• _Work item_:
All that is wanted is the exact lines from the one with "Thoughtful young woman" through the last line of the entries, with both ends kept and every picture left out.
---------- Supplied records
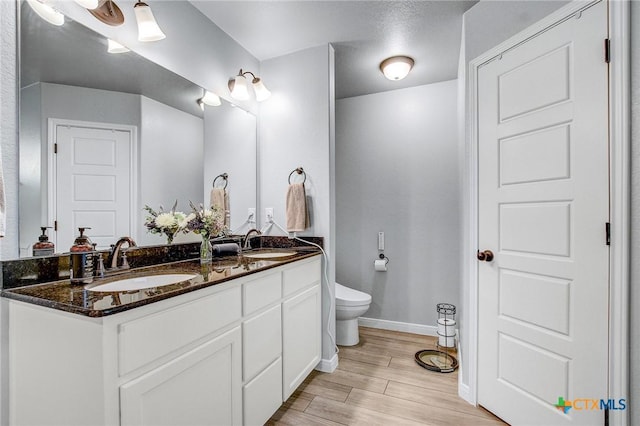 bathroom featuring wood finished floors, toilet, baseboards, and a sink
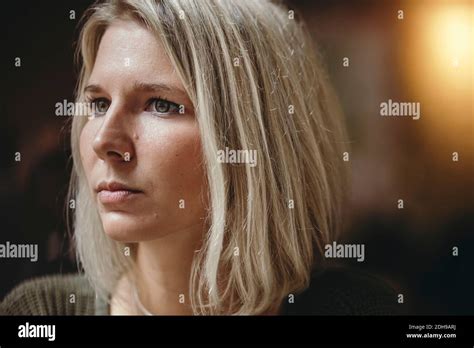 Thoughtful young woman in coffee shop Stock Photo - Alamy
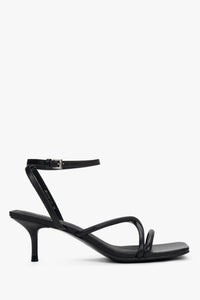 Women’s black leather stiletto sandals by Estro with thin crossing straps.
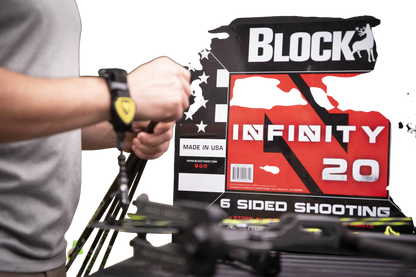 1. person adjusting a bow sight at an archery shooting range outdoors.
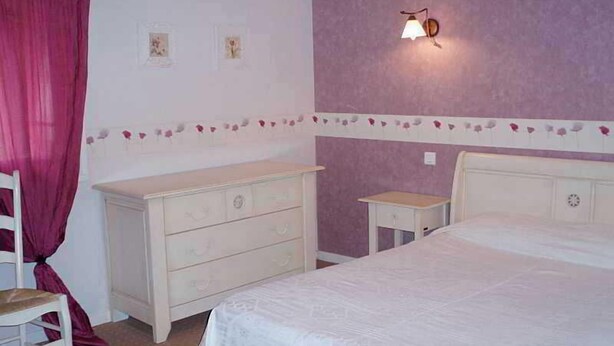 Ein Schlafzimmer mit einem Bett, einem Schminktisch, einem Nachttisch und einer Wandleuchte.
--------------------
• _Task output_:
 Thoughtful young woman in coffee shop Stock Photo - Alamy
 Women’s black leather stiletto sandals by Estro with thin crossing straps.
 1. person adjusting a bow sight at an archery shooting range outdoors.
 Ein Schlafzimmer mit einem Bett, einem Schminktisch, einem Nachttisch und einer Wandleuchte.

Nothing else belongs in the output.